PANORAMA GERAL DA JURISPRUDÊNCIA DO STJ SOBRE CORTE DE ENERGIA POR FALTA DE PAGAMENTO
3. São três os principais cenários de corte administrativo do serviço em decorrência de débitos de consumo de
energia elétrica por inadimplemento: a) consumo regular (simples mora do consumidor); b) recuperação de
consumo por responsabilidade atribuível à concessionária; e c) recuperação de consumo por responsabilidade
atribuível ao consumidor (normalmente, fraude do medidor).
4. O caso tratado no presente recurso representativo da controvérsia é o do item "c" acima, já que a apuração de
débitos pretéritos decorreu de fato atribuível ao consumidor: fraude no medidor de consumo.
5. Não obstante a delimitação supra, é indispensável à resolução da controvérsia fazer um apanhado da
jurisprudência do STJ sobre a possibilidade de corte administrativo do serviço de energia elétrica.

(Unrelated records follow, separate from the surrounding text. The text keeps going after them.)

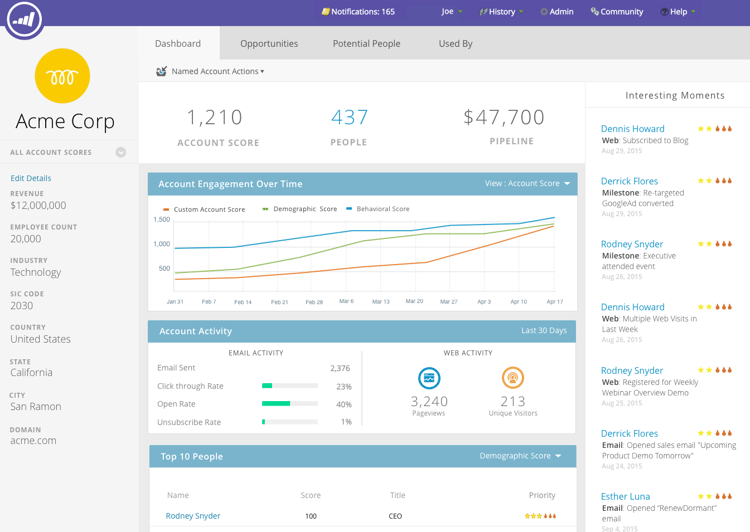 rketo dashboard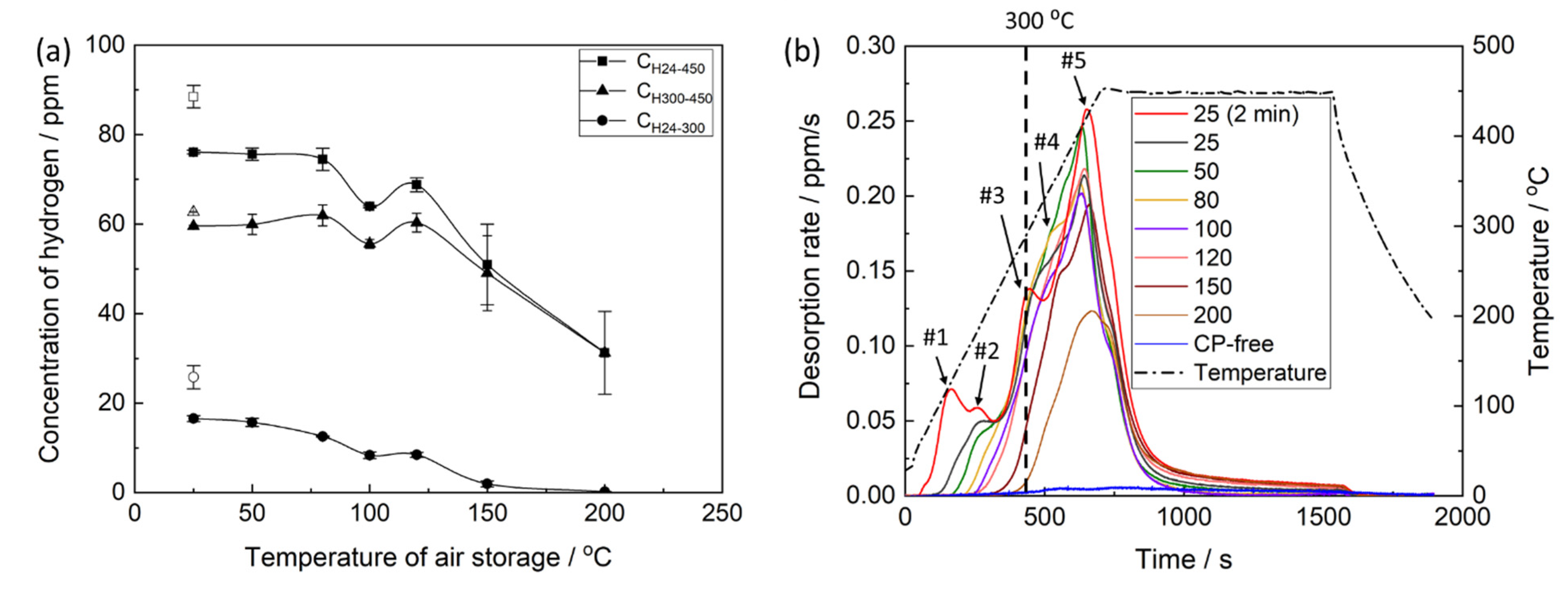 Materials 15 07862 g012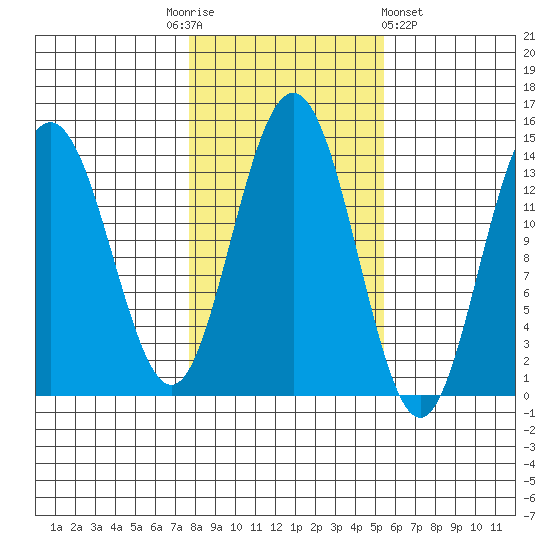 Brown Cove tide chart for Monday, October 24, 2022
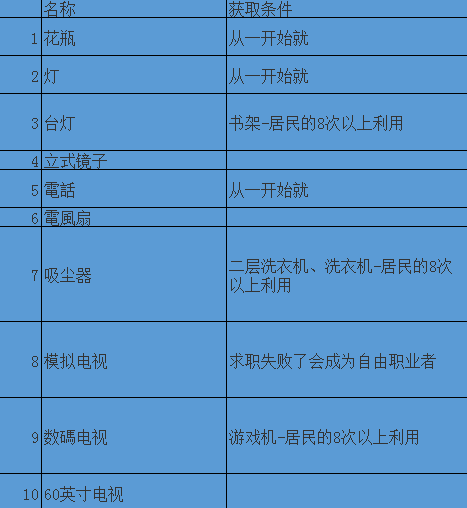 《住宅梦物语》文化类家具出现条件一览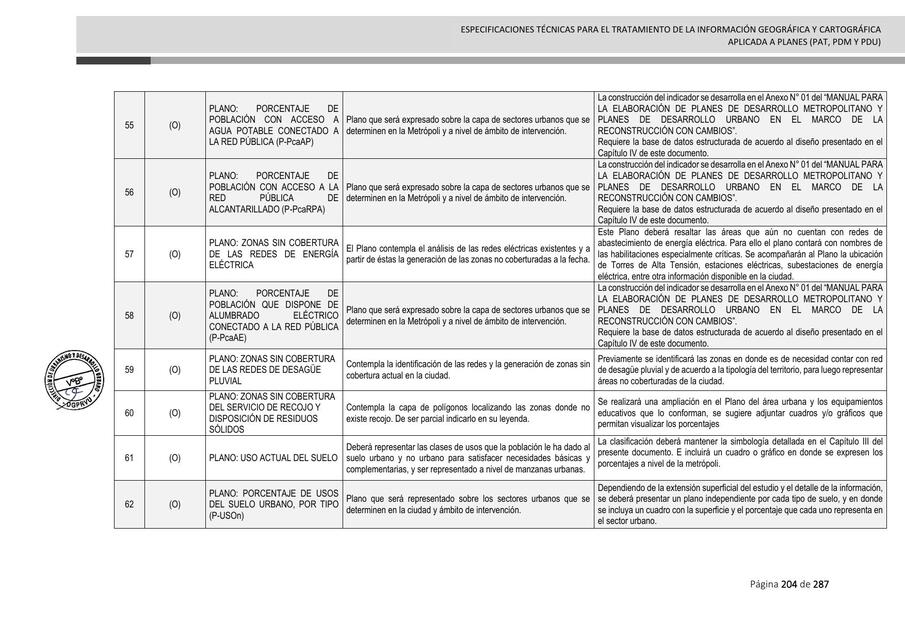 Manual para la elaboración de los PDM y PDU en el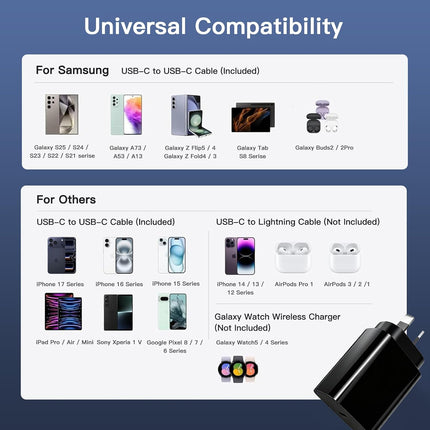 45W Fast USB Type C Charger + 1M Cable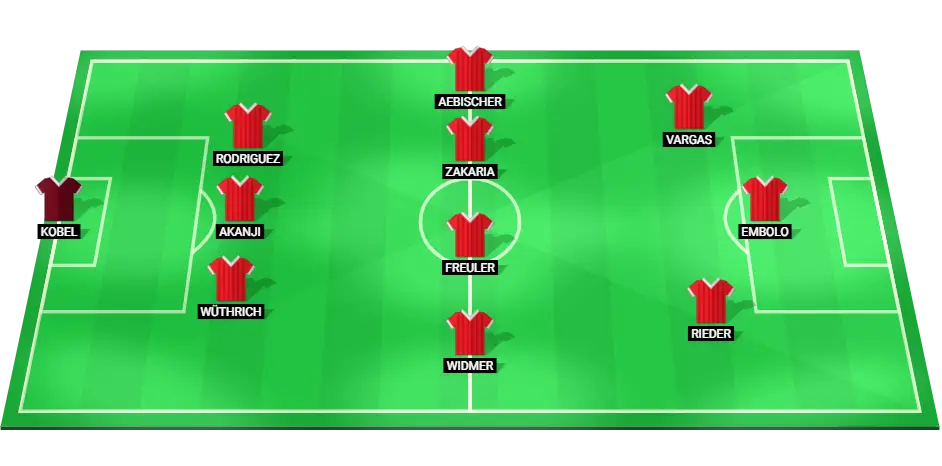 Predicted Switzerland lineup for the match against Spain in the 2024 UEFA Nations League.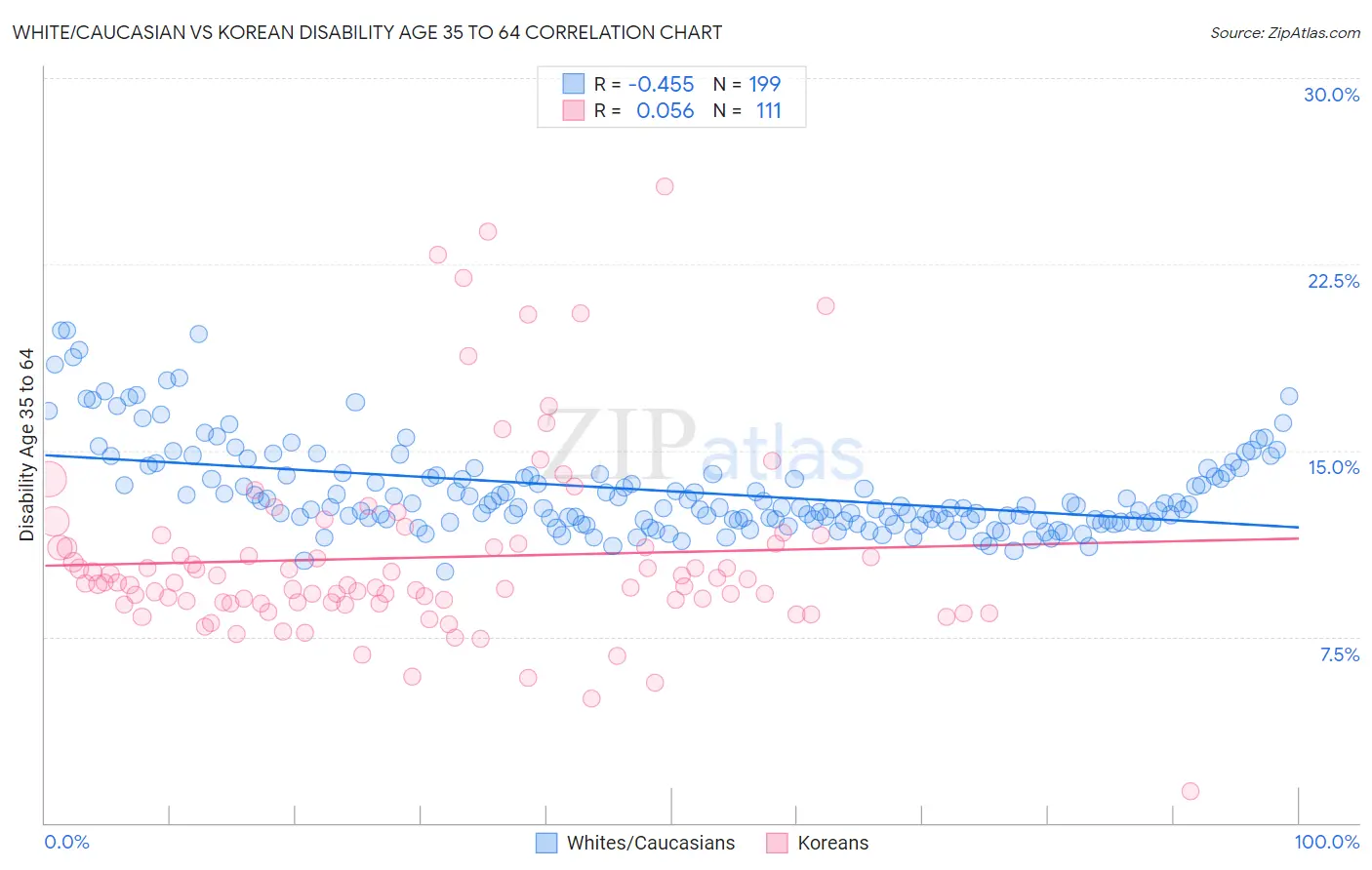 White/Caucasian vs Korean Disability Age 35 to 64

6. Com relação a débitos de consumo regular de energia elétrica, em que ocorre simples mora do consumidor, a
jurisprudência do STJ está sedimentada no sentido de que é lícito o corte administrativo do serviço, se houver
aviso prévio da suspensão. A propósito: REsp 363.943/MG, Rel. Ministro Humberto Gomes de Barros, Primeira
Seção, DJ 1º.3.2004, p. 119; EREsp 302.620/SP, Rel. Ministro José Delgado, Rel. p/ Acórdão Ministro Franciulli
Netto, Primeira Seção, DJ 3.4.2006, p. 207; REsp 772.486/RS, Rel. Ministro Francisco Falcão, Primeira Turma, DJ
6.3.2006, p. 225; AgRg no Ag 1.320.867/RJ, Rel. Ministra Regina Helena Costa, Primeira Turma, DJe 19.6.2017; e
AgRg no AREsp 817.879/SP, Rel. Ministro Humberto Martins, Segunda Turma, DJe 12.2.2016.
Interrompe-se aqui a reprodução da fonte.